21:55I really do feel that way and I've thought about it.
21:58Like there's something, I'm just in a better mood
22:03and part of it is getting to play this role, I think
22:09and having that relationship to those 27 other people
22:13and then to the 1100 in the audience.
22:16It sort of forces, in a good way, a patience upon you
22:22and I feel like that's trickling over.
22:25I feel both more patient and because of that,
22:28I feel more energetic in a weird way.
22:30I can't believe how energized I feel
22:32for every one of our shows.
22:33Even right before it, I'm tired.
22:35By the end, I'm just like buzzing
22:36like I sucked on caffeine through the whole thing
22:38and I didn't.
22:40It's really great.
22:42So I understand the cast took a little field trip
22:45to New Hampshire where they're playing.
22:47What a nightmare.
22:50Five hours in a bus.
22:5210 hours.
22:5310 total.
22:54Oh my God, for those of you who got car sick.
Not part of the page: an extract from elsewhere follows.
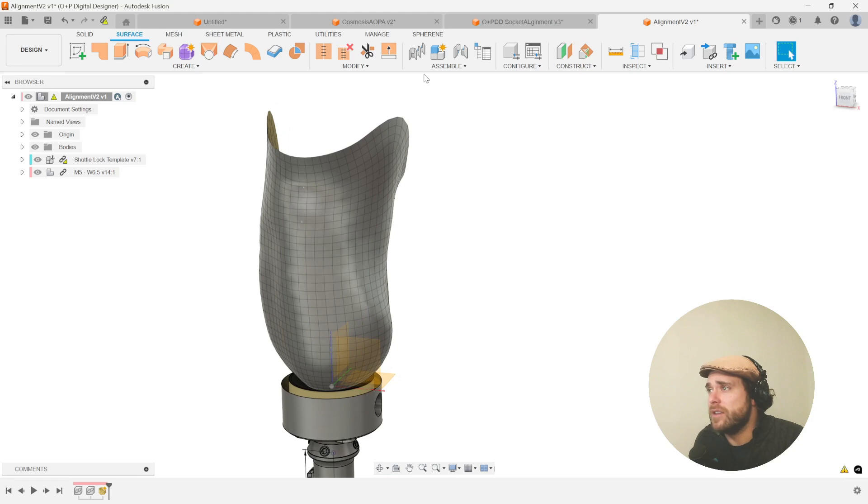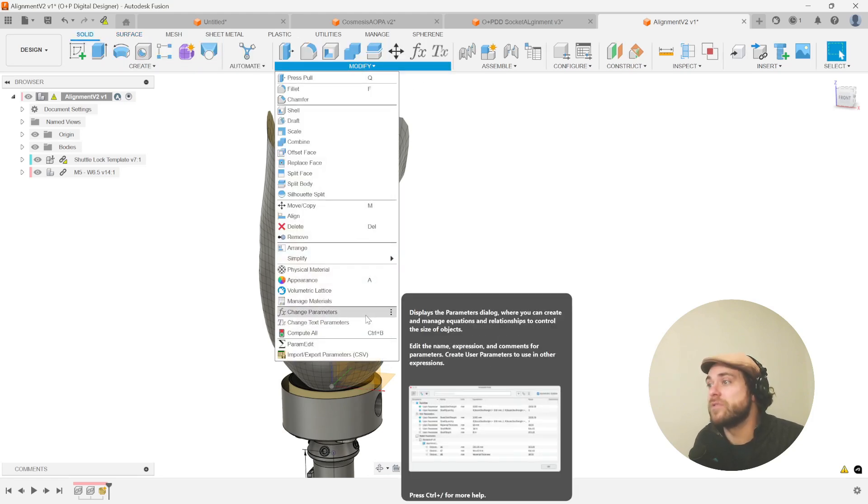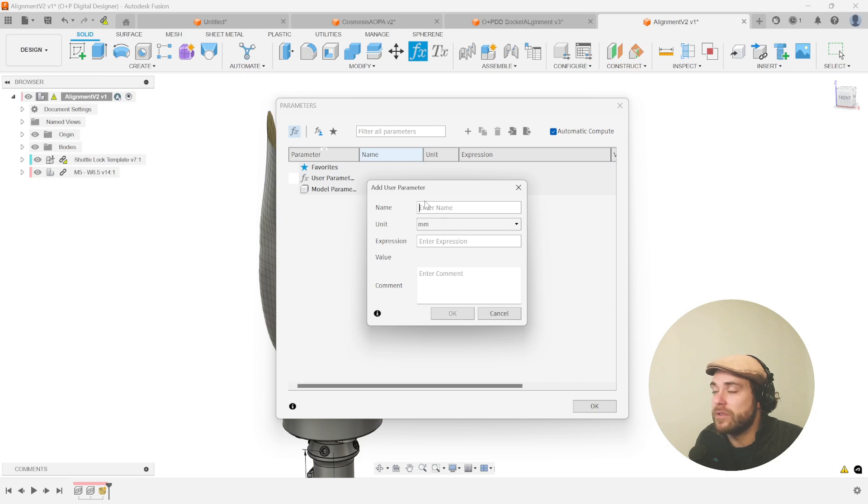A great way to set up an alignment is to start off by going to Modify > Parameters, where we can add user-based parameters. Something as simple as the coronal offset — that's a millimeter expression — we'll give it a value of five. It's great to have these not be zero when you set them up. Another user parameter would be the sagittal offset — you could also call this the AP offset or the ML offset.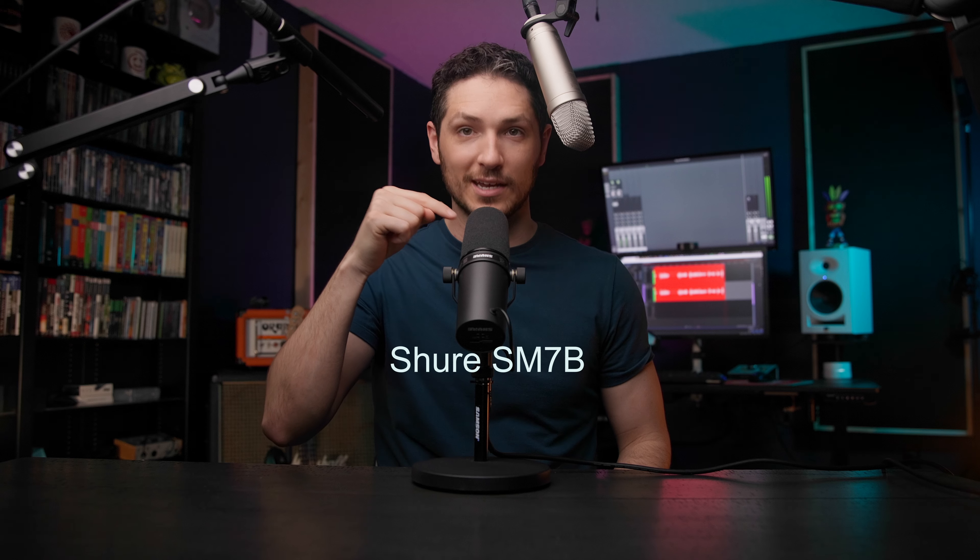99.99999% of professional studios out there are going to be using an XLR microphone when recording voiceover. So it's always nice to emulate what the pro studios are doing — it only makes you look better. Also, a very important thing to note: USB microphones are still viewed as unprofessional in the voiceover industry. That right there might just make up your mind. That doesn't mean that you can't use a USB microphone — you absolutely can — but I still wanted to make that note.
22:58What did you all gain from that experience?
23:01Nausea.
23:03I do think it humbled us.
23:04That was the first day.
23:06We had never met.
23:07It was the first rehearsal.
23:08We meet in front of the theater and they throw us on a bus
23:11and we go to New Hampshire, Petersburg,
23:13which Grover's Corner is modeled after.
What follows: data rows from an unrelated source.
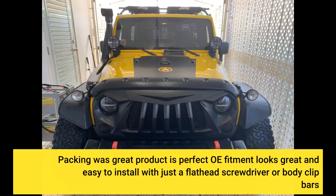Packing was great. Perfect fitment, looks great and easy to install with just a flathead screwdriver or body clip bars.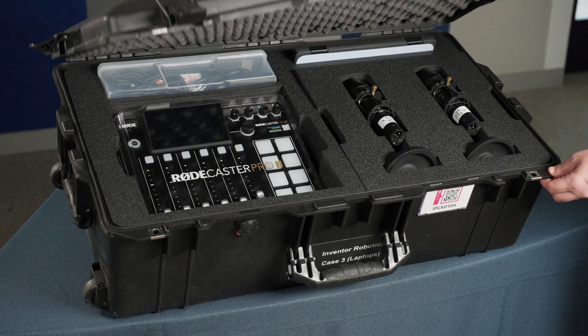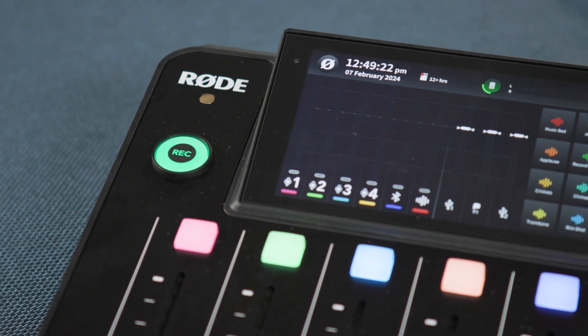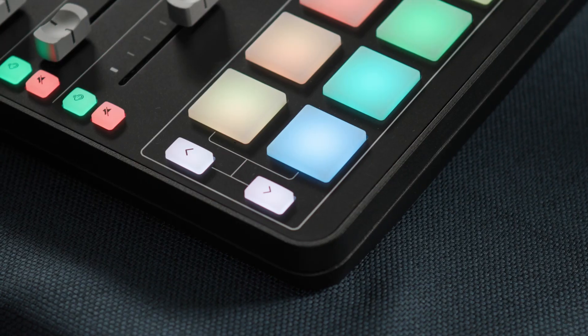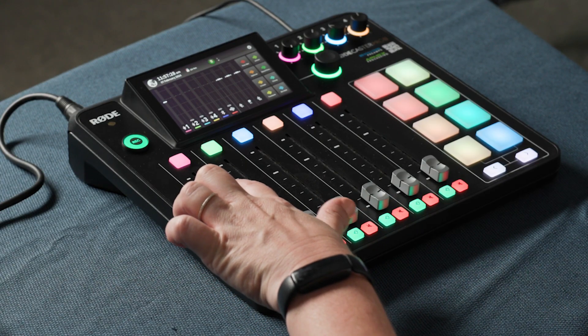In the final case is the Rodecaster Pro 2, an intuitive audio mixer. With built-in processors and smart pads, it's perfect for recording multiple presenters and simplifying the process of creating quality podcast products in the classroom.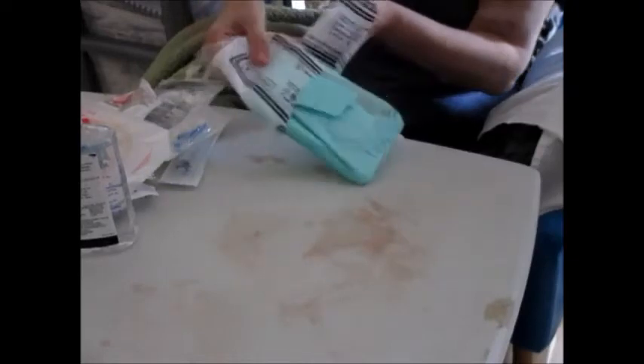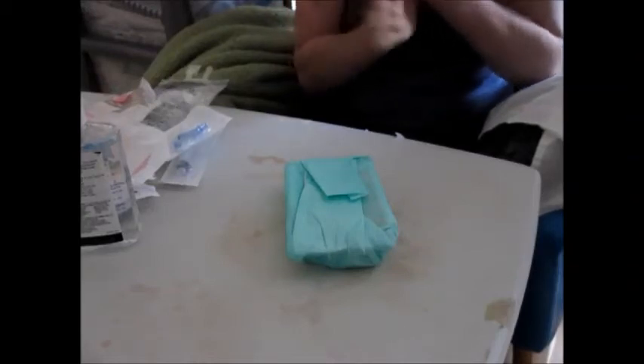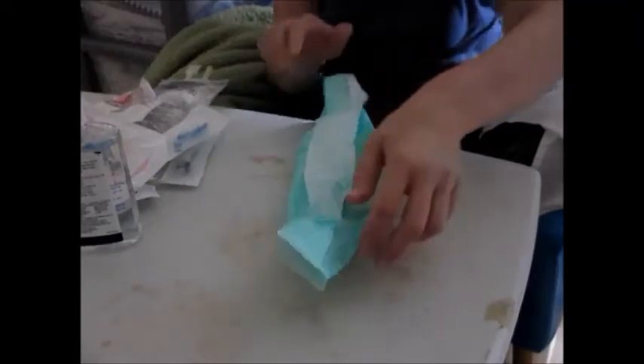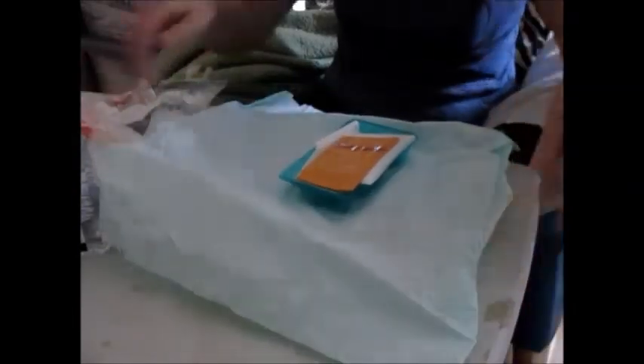Now I'm going to open my pack. I pop it on the table without touching it before putting hand gel on my hands again, because the pack's inner side is sterile. When I open the pack, you'll notice I'm not putting my fingers inside the pack and touching the sterile field inside. I'm just picking up the bag now.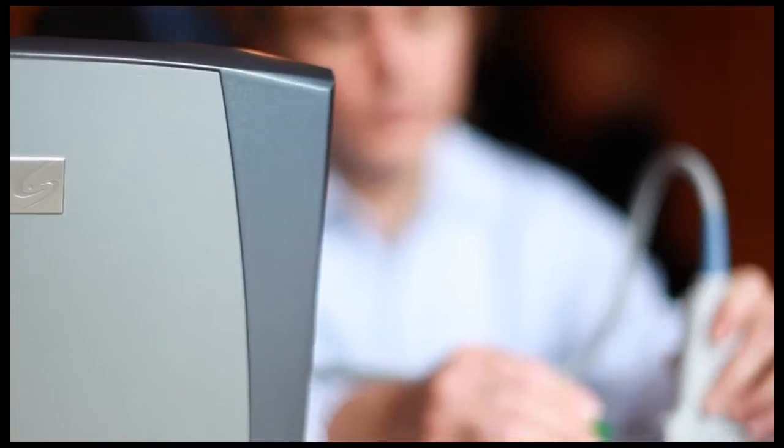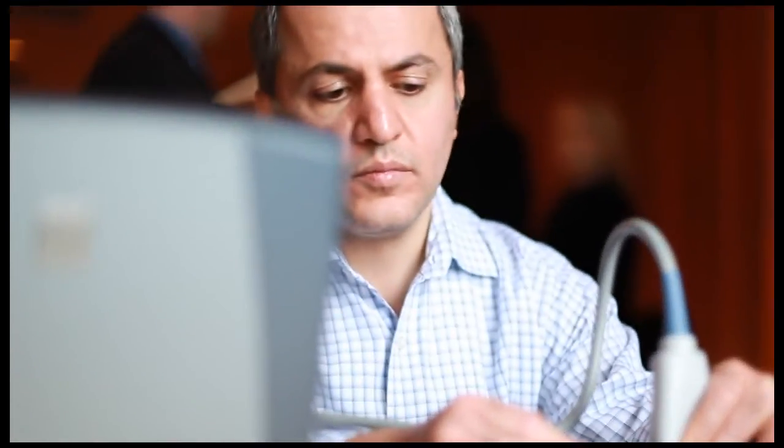Everybody got a chance to use the ultrasound machine for all the different body parts. It's very helpful. It's focused — you get in, you get some stuff done, you get to see some stuff.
23:15And by the end of the night, everybody was just like,
23:19I'm sure I'm gonna love you people,
23:22but I gotta get out of here.
23:24But it does something.
23:26It strips you.
23:27You're very right.
23:28We've talked a lot about it.
23:29Like a week or two in, we were all looking around going,
23:31that first trip kind of broke us in a good way.
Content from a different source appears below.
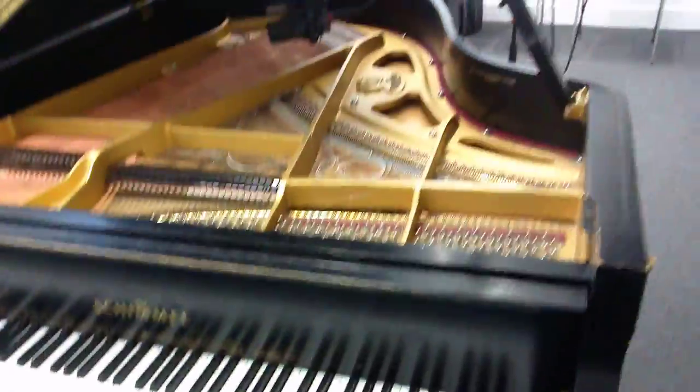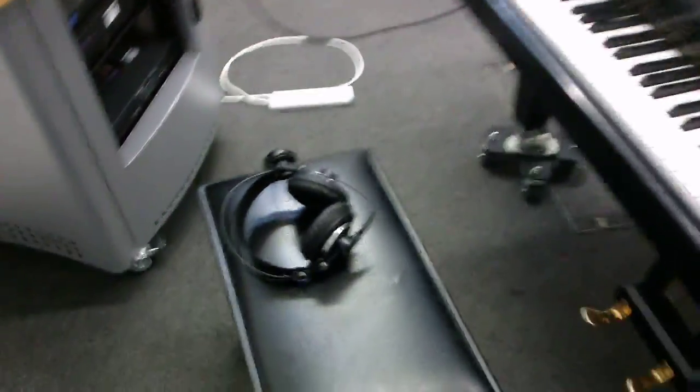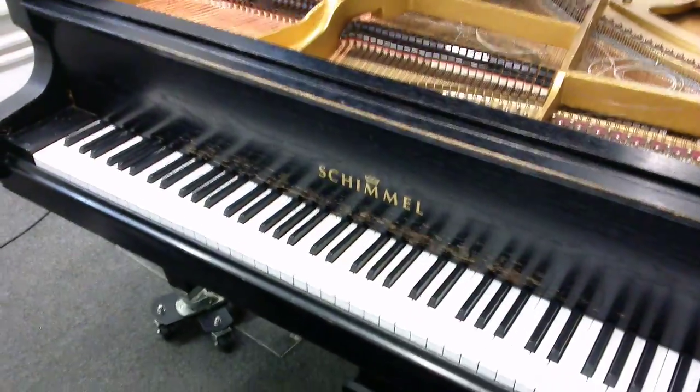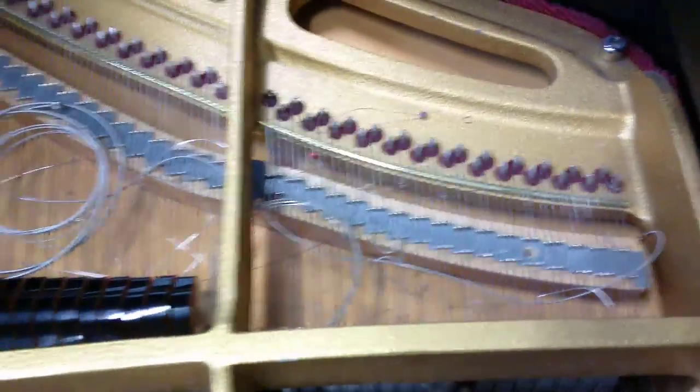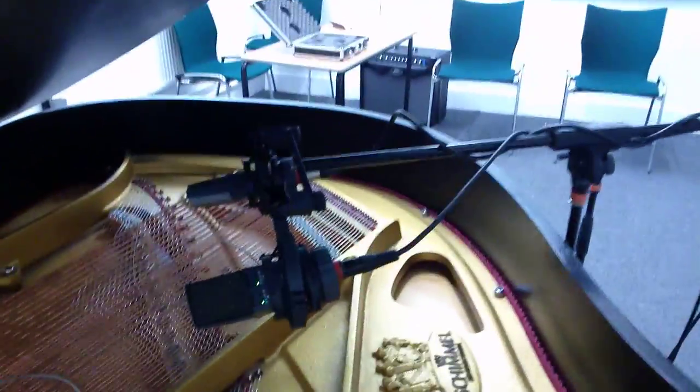Here's the setup for my emulation of Rich Costey's technique on Absolution, which is one of Muse's albums. I'm playing piano, but I've got it prepared with guitar strings, as you can see there. Those mics are going in on channels one and two, which will be sent to the computer.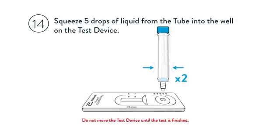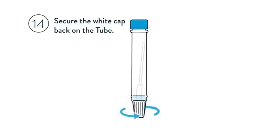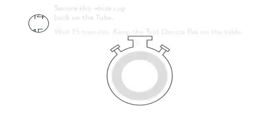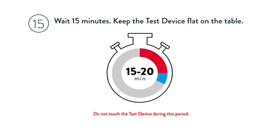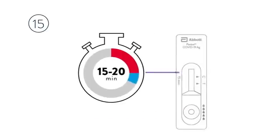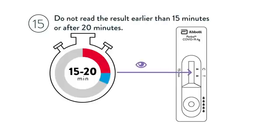Do not move the test device until the test is finished. Secure the white cap back on the tube. Wait 15 minutes, keeping the test device flat on the table. Do not touch the test device during this period. Read the result at 15 minutes — do not read the result earlier than 15 minutes or after 20 minutes.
23:34And we were like, well, hell, let's just rehearse.
23:36You know what I'm saying?
23:40But the town's adorable.
23:41They're very sweet people.
23:42We're so glad we went.
23:49Aside from actually performing,
23:51what is everyone's favorite part of being on Broadway?
23:56Doing press.
23:56No, I'm kidding.
24:01What is it?
24:02What's your favorite part?
24:04Oh, man.
24:06I don't know.
24:07I say there definitely is a community on Broadway.
24:11There's like-minded people and beautiful artists
24:14and some of the most extraordinarily beautiful humans,
24:17not just performing, but who they are in this community.
24:20So getting to share a space and time
24:25at the same time as these people,
24:26meet them and not the people that I'm working with,
24:29of course, but the Broadway community,
24:32we hold each other down.
24:33We hold each other up.
24:34And it's real.
24:35We show up for each other.
24:36We advocate for one another.
24:37And it's just something that's very powerful
24:40to be a part of.
24:41There aren't many, if any, other ways of participating
24:45in this kind of art or creativity
24:47where you generally understand and know every schedule
24:52that everybody else is on at the same time.
24:54You shoot things on camera.
24:55Somebody could be done in two hours.
24:57Somebody could take three months to get their stuff done.
24:59We all know we all slug through eight shows a week
25:01and go out there and have live audiences
25:04that change things every night.
25:06And it's just beautifully unique.
25:11And I've never been in such a large cast.
25:14I'm not a musical theater person.
25:16But the idea of you just have all of these people breathing,
25:20I know this sounds ridiculous,
25:22but it's just like, and all of their energy
25:24is going towards you to tell the story.
25:27Do you know what I mean?
25:27And they just keep passing the energy around the stage.
25:30It is really profound.
25:32You're like, I might have to learn how to sing.
25:34I might have to do something
25:38so I can be around all these folks.
25:39But everything's getting smaller and smaller and smaller
25:43because of economics.
25:44And just the idea that we have all of this beauty
25:47and humanity and diversity on stage,
25:50it makes me feel very hopeful, very, very hopeful.
25:54Well, thank you guys so much for being here.